İşçi Daha Fazla Ödedi, Şirket Daha Az Yüklenildi

2023 yılının ilk 11 ayında ücret ve maaşlardan toplanan gelir vergisi, şirketlerden toplanan vergiyi açık ara geride bıraktı. İşçi ve emekçiler toplamda 1.3 trilyon TL gelir vergisi öderken, şirketlerden alınan toplam vergi sadece 870.3 milyar TL olarak kaldı. Bu, işçilerin patronlardan %54.48 daha fazla doğrudan vergi ödediği anlamına geliyor.

Bu tablo, resmi enflasyonun yüzde 33.9 olduğu bir dönemde işçi ve emekçilerin reel olarak daha fazla vergi yükü altında kaldığını, şirketlerin ise bu yükten muaf tutulduğunu gözler önüne seriyor.

Dolaylı Vergilerde Rekor Artış

Vergi adaletsizliğinin başka bir boyutu ise dolaylı vergilerdeki ciddi artış. Emekçiler yalnızca gelir vergisiyle değil, aynı zamanda mal ve hizmetlerden alınan vergilerle de ağır bir yük altında:

KDV (Katma Değer Vergisi): İlk 11 ayda yüzde 97.9 artarak 903 milyar TL’ye ulaştı.

ÖTV (Özel Tüketim Vergisi): Toplamda 1.2 trilyon TL gelir sağladı. Petrol ve doğal gazdan alınan ÖTV yüzde 140 artarak 361 milyar TL’yi aştı.

Bu rakamlar, Türkiye’de vergi sisteminin büyük ölçüde dolaylı vergilere dayandığını ve bu vergilerin ağırlıklı olarak emekçi kesimleri etkilediğini ortaya koyuyor.

Verginin Tabana Yayılması: Gerçekten Adalet Mi?

Hazine ve Maliye Bakanı Mehmet Şimşek’in kasım ayında yaptığı, “Vergiyi tabana yayacağız” açıklaması, artan vergi yüküyle birlikte daha fazla tartışılmaya başlandı. Şimşek, açıklamalarının yanlış anlaşıldığını belirterek, “Vergi ödemeyenlerin üzerine gideceğiz” demişti. Ancak, vergi gelirlerindeki dağılım, reformların düşük gelirli grupların sırtındaki yükü hafifletmek yerine daha da ağırlaştırdığını gösteriyor.

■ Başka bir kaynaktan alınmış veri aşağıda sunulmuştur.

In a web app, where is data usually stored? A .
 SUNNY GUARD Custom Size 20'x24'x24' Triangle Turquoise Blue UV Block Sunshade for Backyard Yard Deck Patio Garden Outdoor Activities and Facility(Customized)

Vergi sisteminde yapılan düzenlemeler, sermaye kesimlerini koruyan ve emekçileri hedef alan bir yapıya dönüşmüş durumda. Bu tablo, vergi adaletsizliğini çözmek yerine daha da derinleştirdi.

Devletin ocak-kasım döneminde yaptığı faiz ödemeleri de dikkat çekici boyutlara ulaştı. Toplamda 1.2 trilyon TL faiz ödemesi yapılırken, bu kalemdeki artış oranı yüzde 89 oldu. Faiz giderlerindeki bu artış, kamu kaynaklarının büyük bir kısmının borç ödemelerine harcandığını ve sosyal harcamalar ile altyapı yatırımlarından kesintiler yapıldığını ortaya koyuyor.

Vergi Adaletsizliği ve Emekçiler Üzerindeki Etkisi

Türkiye’nin mevcut vergi sistemi, gelir eşitsizliğini artıran bir mekanizma olarak işliyor. Ücret ve maaşlı çalışanlardan alınan vergilerin hem doğrudan hem de dolaylı yollarla artması, düşük gelirli kesimlerin yaşam standartlarını daha da düşürüyor.

Evrensel gazetesi yazarı ve ekonomist Uğur Ökdemir’in bu konudaki yorumu, tabloyu özetliyor:

“Vergi adaletsizliği sadece ekonomik bir sorun değil, aynı zamanda bir demokrasi krizidir. Sermaye kesimlerinin korunması, toplumsal refahı baltalayan bir uygulamadır.”

Adil Bir Vergi Reformu Mümkün Mü?

Ekonomistler, Türkiye’nin vergi sisteminde köklü bir reforma ihtiyacı olduğunu vurguluyor. Bu reformun, dolaylı vergiler yerine doğrudan vergilere odaklanması ve sermayeden alınan vergi oranlarının artırılması gerektiği belirtiliyor. Ayrıca, işçi ve emekçiler üzerindeki vergi yükünün hafifletilmesi, sosyal devlet anlayışının gereği olarak öne çıkıyor.

Vergi adaletsizliği, sadece bir maliye politikası sorunu değil; toplumsal eşitsizliğin temel nedenlerinden biri. Bu sistemin sürdürülebilir olmadığı her geçen gün daha net ortaya çıkıyor. Ancak, hükümetin bu konuda nasıl bir adım atacağı belirsizliğini koruyor.